Servir no es fácil. No hablamos de aquellos pequeños servicios que se pagan con sonrisas o dinero, como cuando las propagandas comerciales dicen: “Denos el placer de servirle”. Nos referimos al sentido profundo de la palabra servicio: convertirse en esclavo, en siervo de los demás, sometiendo a ellos a la propia voluntad.
Sin embargo, eso fue lo que hizo Jesús que sin tener en cuenta su dignidad de Hijo del Altísimo, se humilló asumiendo la condición de siervo y muriendo como un esclavo (Fil. 2,5-8). Por eso lo llamamos “El siervo de Yahvé”.
Ese nombre, Siervo de Yahvé, lo aplica la Biblia a Moisés, Josué, a David, y de modo especial, a un personaje a quien el profeta Isaías dedica cuatro de sus cánticos (Is. 42,1-9; 49,1-6; 50,4-9; 52,13; 53,12). En ese personaje, el Nuevo Testamento ha visto anunciado a Jesús y ha iluminado momentos especiales de la vida y de la pasión del Señor con alusiones a dichos poemas.

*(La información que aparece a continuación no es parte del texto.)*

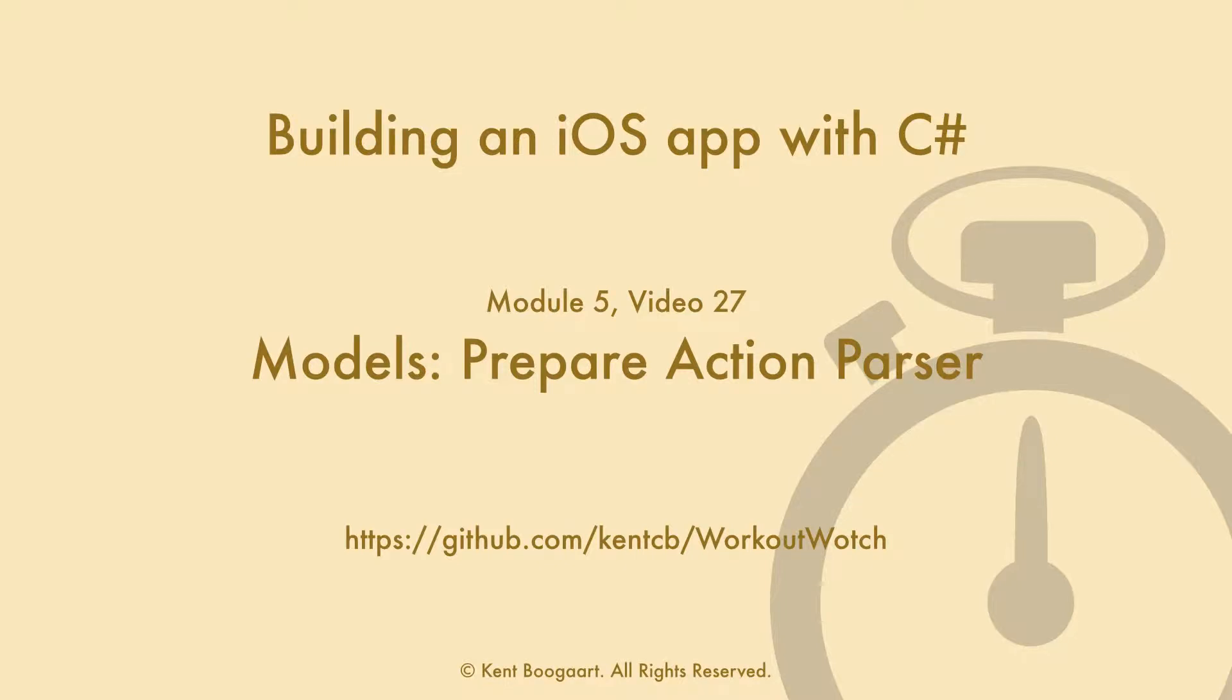Hi, this is module 5 of video 27. In this video we will create our prepare action parser.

Jesús es el Siervo sufriente que camina silencioso al matadero, es el Varón de dolores, ante quien se vuelve el rostro, es el que cargó con nuestras culpas. Su servicio no fue un alarde retórico, sino una actitud permanente, pues vino no a ser servido sino a servir; Él a pesar de ser Maestro y Señor, lavó los pies de sus discípulos; Él hizo siempre la voluntad de su Padre y en ella encontró su alegría; Él se entregó como rescate por todos. Él es, como le ora el apóstol Pedro a Dios: “Tú Santo Siervo Jesús” (Hechos 4,27).
La piedad cristiana venera algunos momentos especiales de ese servicio humilde y sangriento del Señor: El lavatorio de los pies, su prisión, su flagelación y coronación de espinas, los diversos momentos de su caminar hacia el calvario, su rostro escupido, ensangrentado, las llagas que lo lastimaron sobre todo las de las manos, los pies y el costado, su descenso de la cruz y su sepultura que después de tres días quedó vacía porque Dios lo exaltó para siempre (Is. 53,11).